>>>

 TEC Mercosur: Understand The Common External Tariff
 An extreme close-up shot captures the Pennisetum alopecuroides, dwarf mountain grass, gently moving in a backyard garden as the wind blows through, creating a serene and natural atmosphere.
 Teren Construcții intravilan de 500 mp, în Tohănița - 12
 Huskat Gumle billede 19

<<<
>>>

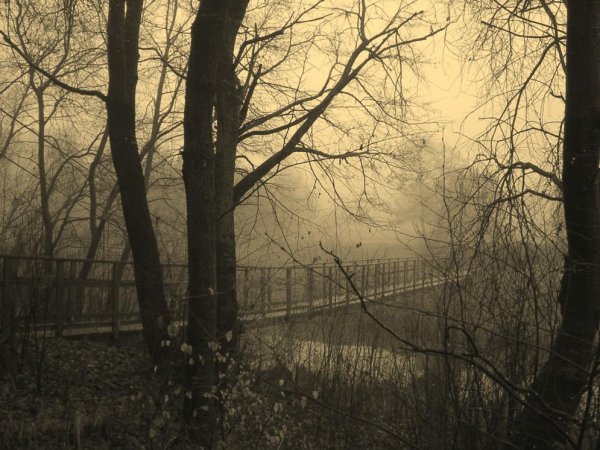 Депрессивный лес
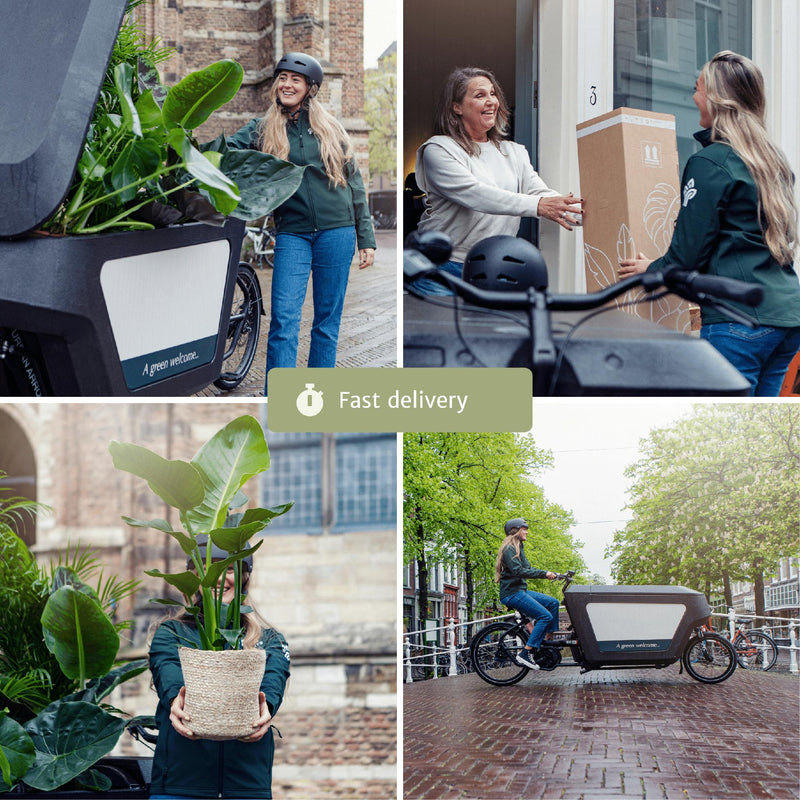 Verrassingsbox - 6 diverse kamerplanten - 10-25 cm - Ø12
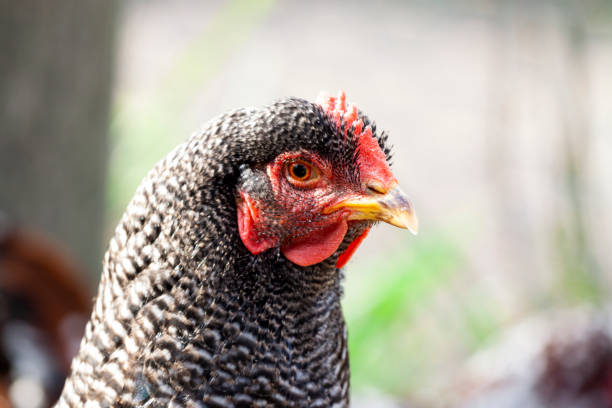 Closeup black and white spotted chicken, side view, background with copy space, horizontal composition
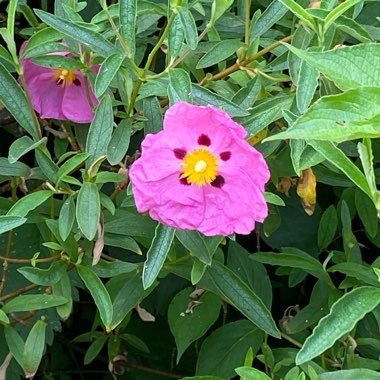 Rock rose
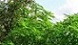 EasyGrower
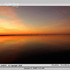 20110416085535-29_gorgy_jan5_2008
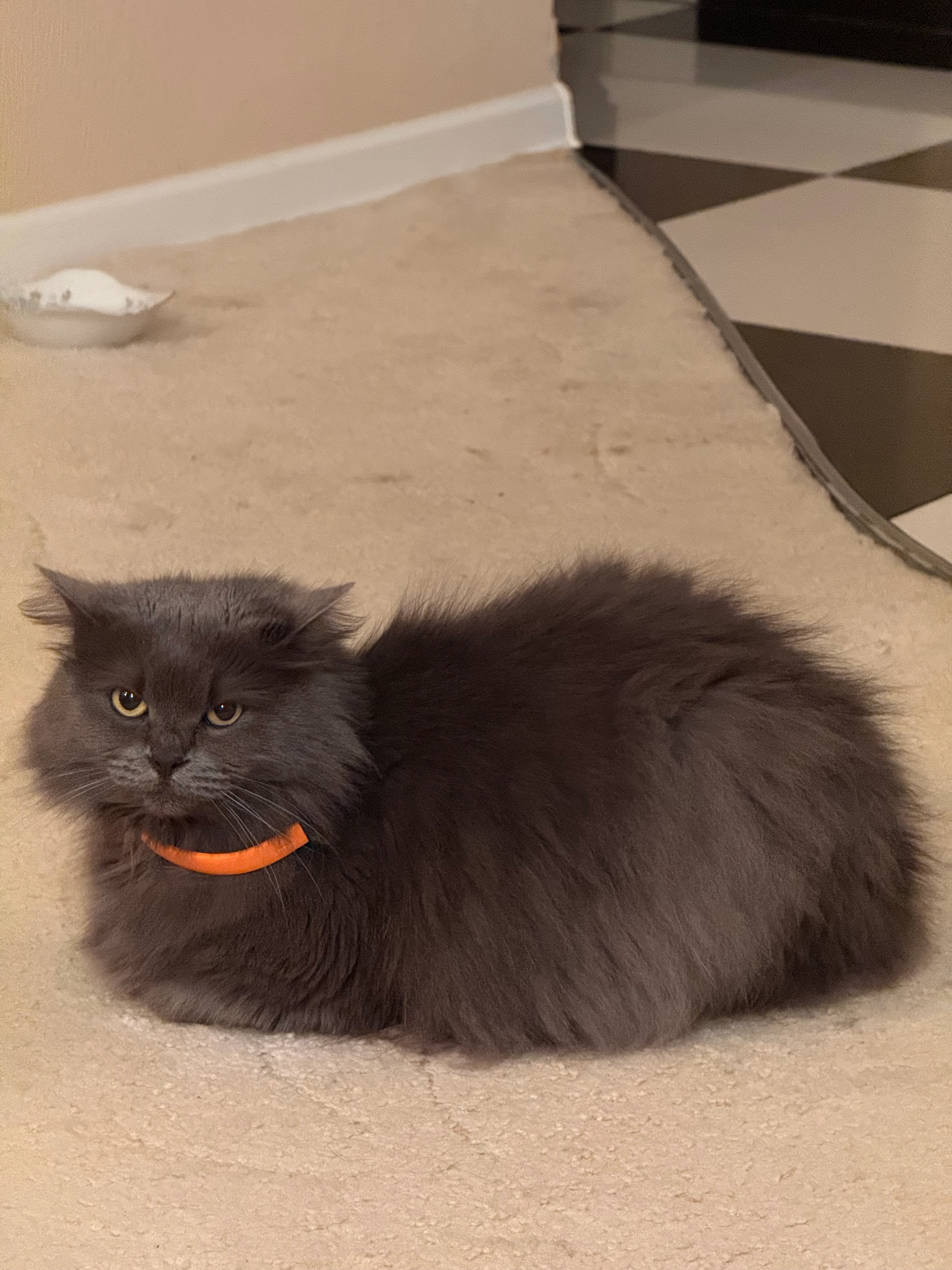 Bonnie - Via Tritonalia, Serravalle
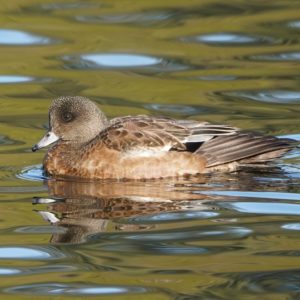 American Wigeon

<<<

• _WHAT NEEDS TO BE DONE_
Above this task is a listing. Restate, word for word and with nothing added, the lines from the one with "TEC Mercosur: Understand" through the one with "Huskat Gumle billede 19".

• _EXERCISE ANSWER_
 TEC Mercosur: Understand The Common External Tariff
 An extreme close-up shot captures the Pennisetum alopecuroides, dwarf mountain grass, gently moving in a backyard garden as the wind blows through, creating a serene and natural atmosphere.
 Teren Construcții intravilan de 500 mp, în Tohănița - 12
 Huskat Gumle billede 19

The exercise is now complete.